Kluges Malweise ist expressiv. Flüchtig wirken seine Menschen und Lebewesen, auf das Wesentliche reduziert, mit oft maskenähnlichem Antlitz. Auch wenn zahlreiche Werktitel direkt auf die Bibel verweisen, beispielsweise „Ein leeres Grab“, „Auferstehung“, „Fußwaschung“, „Opferstein“, „Versuchung“ und „Stimme eines Rufers“, sind Kluges Bildwelten von universeller Thematik. Es sind verdichtete Urbilder, die unter anderem von Unsicherheit und Schwäche erzählen. Es sind Bildes des Schmerzes und der Vereinzelung. Sie belegen Kluges Beschäftigung mit grundsätzlichen Fragen.
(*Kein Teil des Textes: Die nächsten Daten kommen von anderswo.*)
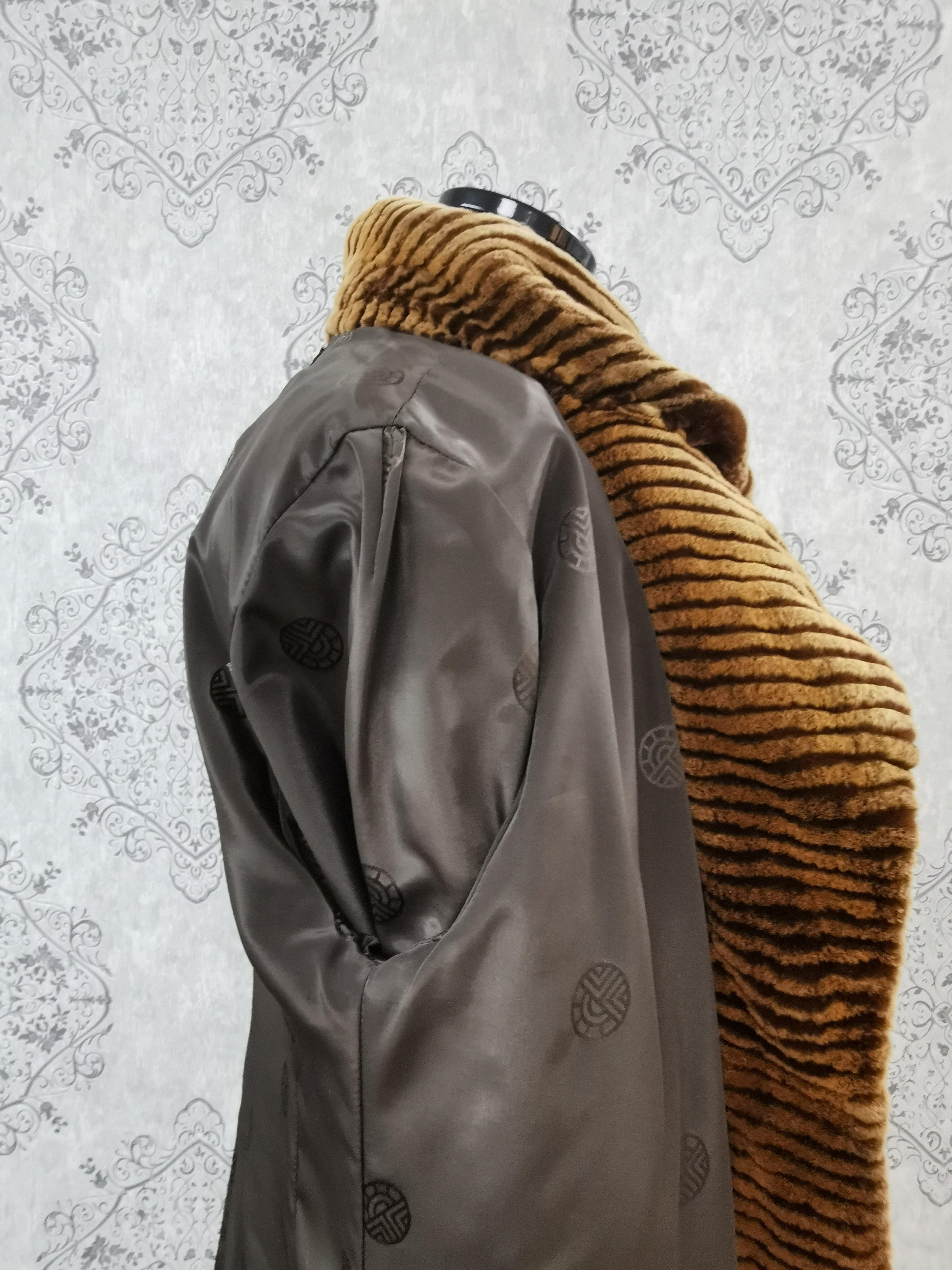 Manteau de fourrure de vison tondu Louis Féraud Paris (Taille 6 - Petit) en vente 5
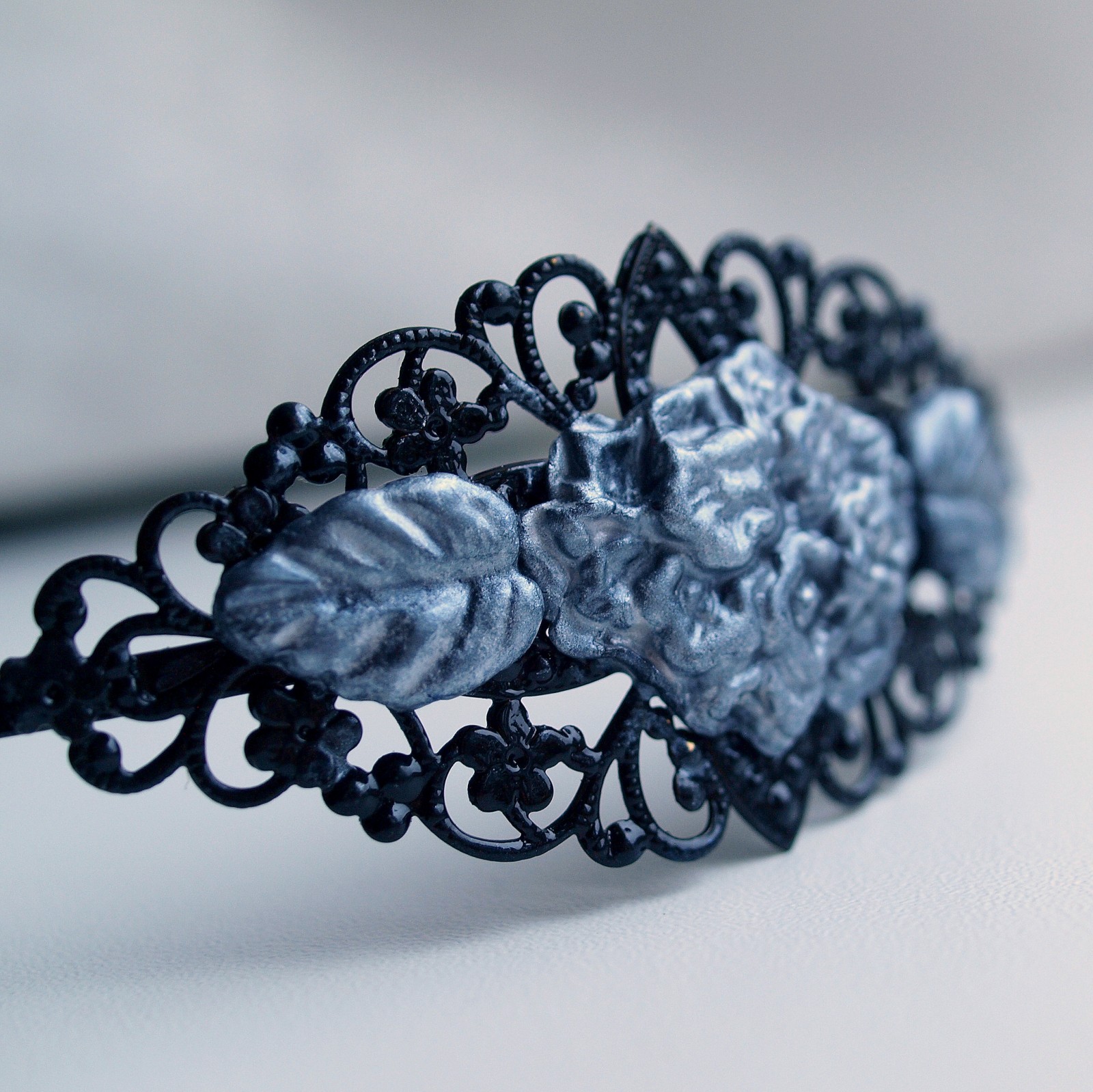 Stříbrnočerné kytičky - čelenka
Und, nicht zuletzt, dass der stille, gebildete Maler über eine große Portion hintergründigen Humors verfügt. „Auf der Experimentierbühne Gegenwartskunst erprobt er die Restitution eines Bedeutungsfeldes, das für das Zeitübergreifende und Allgemeingültige, das Fraglose und die ewige Gewissheit steht“, formuliert treffend Rainer Metzger in seinem Katalogbeitrag.

Der Katalog
kostet nur 10 Euro und ist in der Ausstellung erhältlich.

Öffnungszeiten
Die Ausstellung in der Trinitatiskirche, Filzengraben 4, ist geöffnet bis zum 25. November 2006, dienstags bis freitags von 16 bis 18 Uhr, samstags von 13 bis 15 Uhr.